[Items from a dataset]
##########

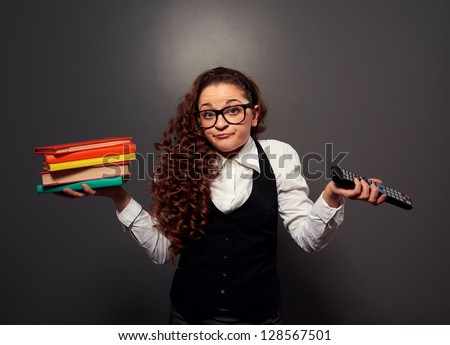 funny woman in glasses with pile of books and tv remote. picture over dark background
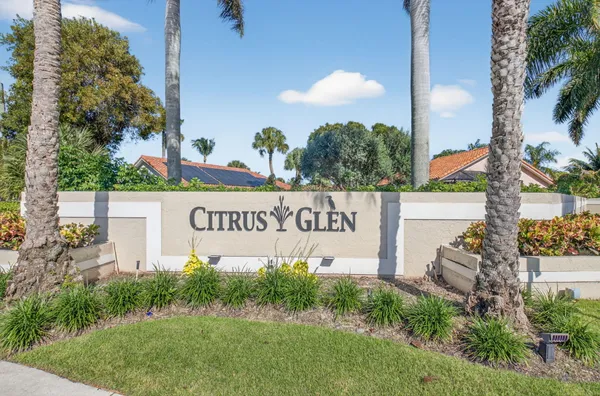 a view of a swimming pool with a yard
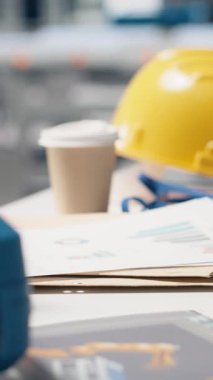 Dikey Video Yüksek Teknoloji imalat ortamı robotikleri iş başında, fotovoltaik sistem izleme ve bir masada gerekli güvenlik ekipmanlarını gösteriyor. Modern yenilenebilir enerji üretim hattı.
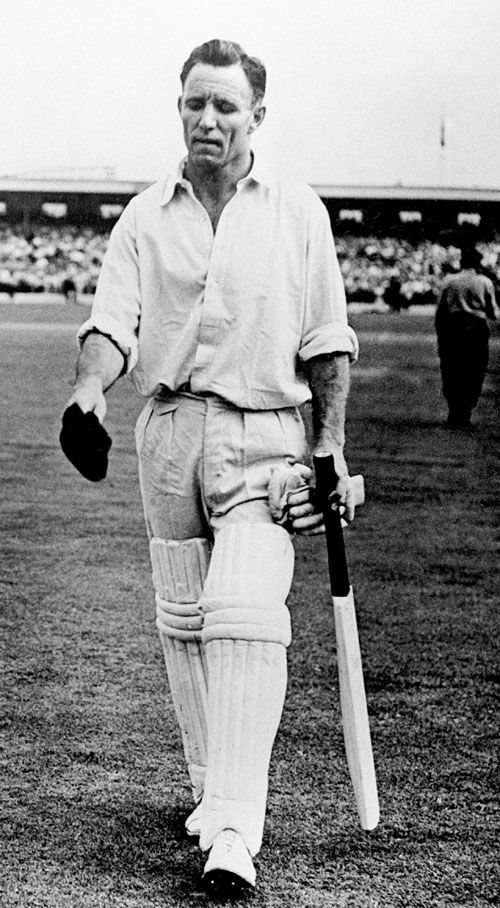 Ray Lindwall walks out to bat
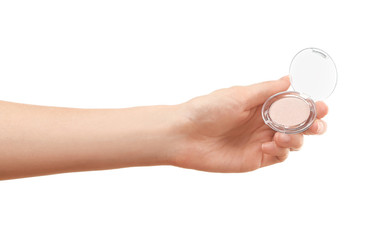 Female hand holding eye shadow, isolated on white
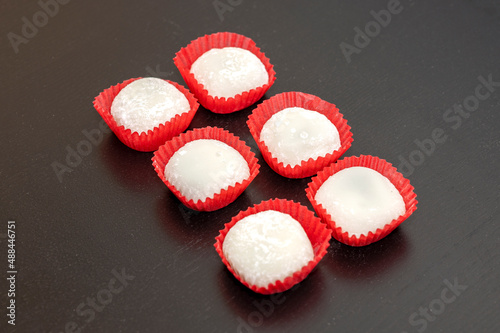 6 pieces of Japanese Style Red Bean Mochi in paper cups on a dark table
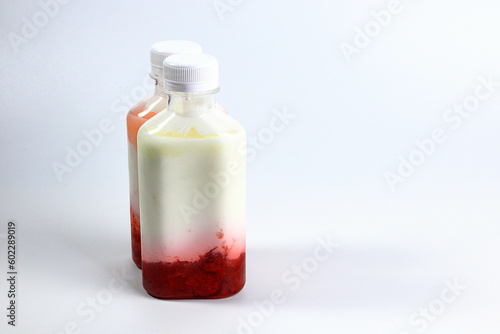 Bottles of home made fruit drinking yogurt, selective focus on white background
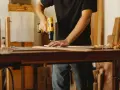 Mann bohrt Holzbretter, um seine Werkstatt einzurichten. Hobelspäne liegen auf dem Tisch.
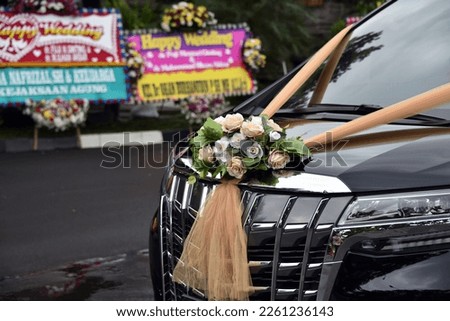 The wedding car with ribbon flowers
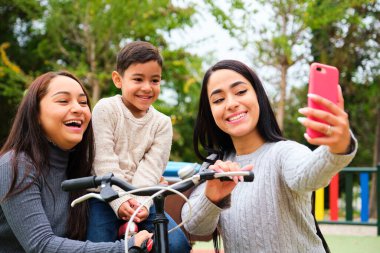 Oğluyla parkta selfie çeken mutlu Latin lezbiyen çift. LGBT Ailesi.
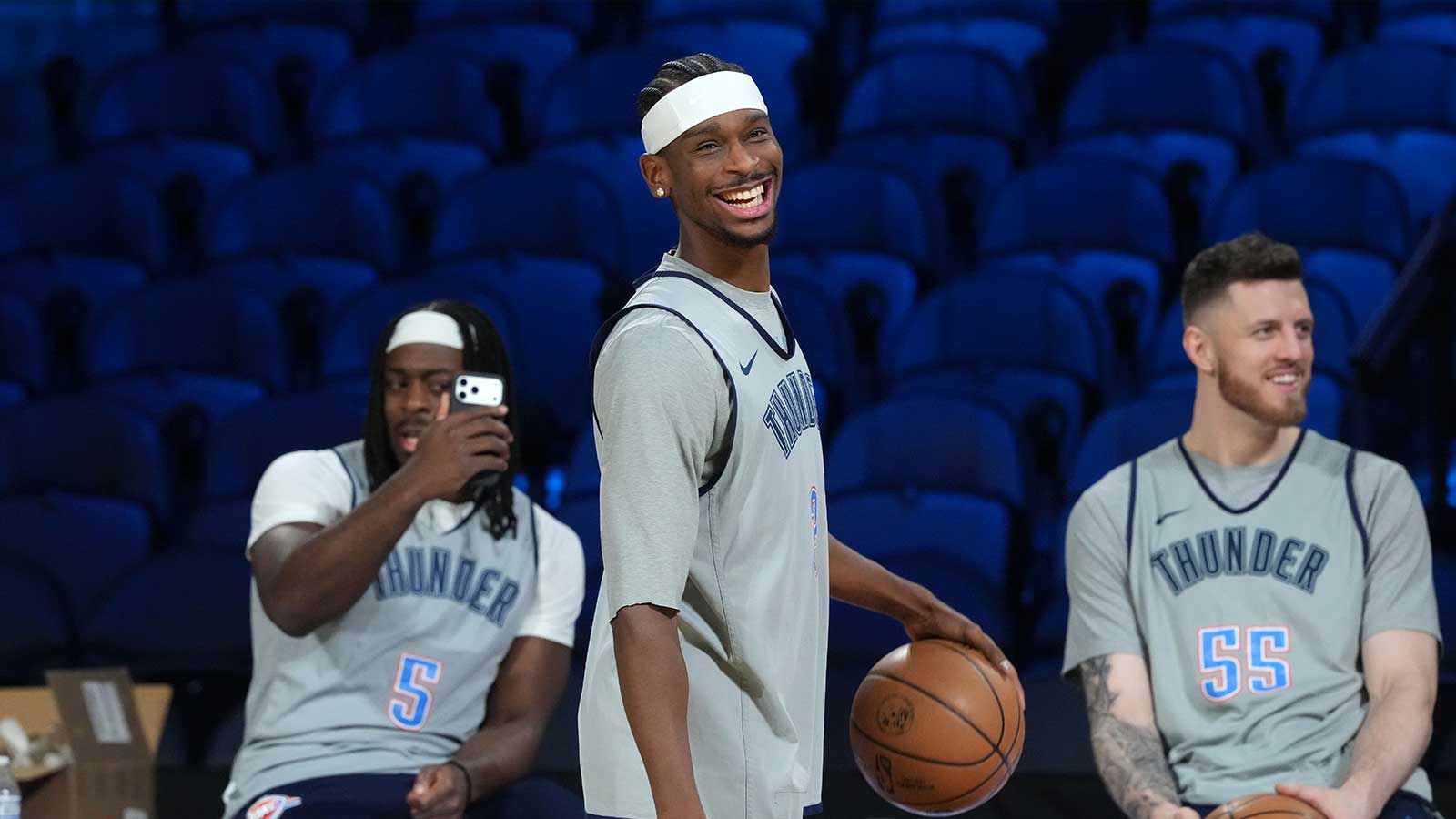 Thunder guard Luguentz Dort (5), guard Shai Gilgeous-Alexander (2) and center Isaiah Hartenstein (55) react during practice prior to the Emirates Cup semifinals at T-Mobile Arena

##########

[Assigned task]
Your answer must be the lines from the opening line of the entries through the line holding "Female hand holding", written out exactly and without any picture.

[Answer to this problem]
 funny woman in glasses with pile of books and tv remote. picture over dark background
 a view of a swimming pool with a yard
 Dikey Video Yüksek Teknoloji imalat ortamı robotikleri iş başında, fotovoltaik sistem izleme ve bir masada gerekli güvenlik ekipmanlarını gösteriyor. Modern yenilenebilir enerji üretim hattı.
 Ray Lindwall walks out to bat
 Female hand holding eye shadow, isolated on white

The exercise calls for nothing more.